Other variational inference methods exist as well, including
InferByMeanField, an implementation of marginal inference by mean
field for discrete variables; MaximizeByMPLP, which uses dual
coordinate ascent on the LP relaxation for MAP inference.
FACTORIE also provides infrastructure for Monte Carlo inference. This
includes a generic Sampler as well as its special-case subclass, a
ProposalSampler which selects among a collection of Proposal
objects (each of which provides a score and a DiffList for undoing
and redoing the proposed changes). Examples of ProposalSampler
include the GibbsSampler and MHSampler (Metropolis-Hastings), and
IteratedConditionalModes which is the maximization analogue of Gibbs
sampling.
These underlying sampling mechanisms are wrapped into objects that
implement the Infer interface, providing InferByGibbsSampling,
InferByMeanField, MaximizeByIteratedConditionalModels,
MaximizeByMPLP, etc.
Finally, Expectation-Maximization (EM) and dual decomposition are
implemented outside of the Infer API, by the EMInferencer and
DualDecomposition classes.
There is currently limited support for inference in that directly leverages the special case of directed graphical models. We have preliminarily implemented a system of storing and selecting among a collection of “recipes” for handling different patterns of random variables and factor types (similar to BUGS), but only a few such “recipes” have been implemented so far. One of those cases, however, provides an extremely efficient collapsed Gibbs sampler for latent Dirichlet allocation (LDA)—the FACTORIE implementation of LDA is actually faster than the widely-used MALLET implementation. See the Section on “Topic Modeling” below.

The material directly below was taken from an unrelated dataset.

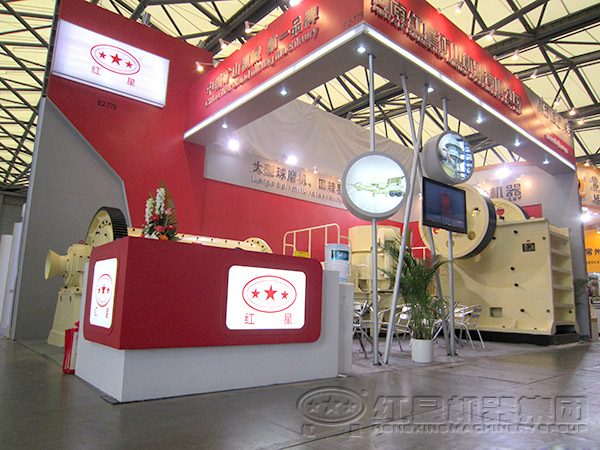 顎式破碎機(jī)生產(chǎn)廠家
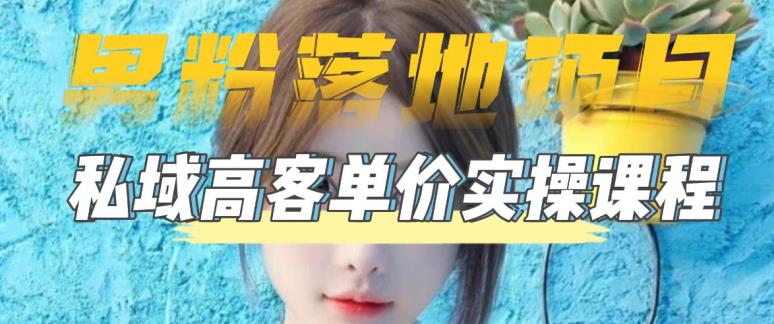 【男粉落地项目】零基础玩转男粉短视频转私域日产500+，2023男粉高客单价实操教程 - 阿伟资源库-阿伟资源库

FACTORIE does not currently provide automated methods of selecting the best inference method given a model and collection of variables. This is an area of future work.
Estimating parameters
(To be provided from Luke’s text.)
Application packages
In additional to its general support for factor graphs, FACTORIE provides pre-build models and other infrastructure for particular application areas.
Classification
Regression
Clustering
This package is not yet implemented, but will be in the future.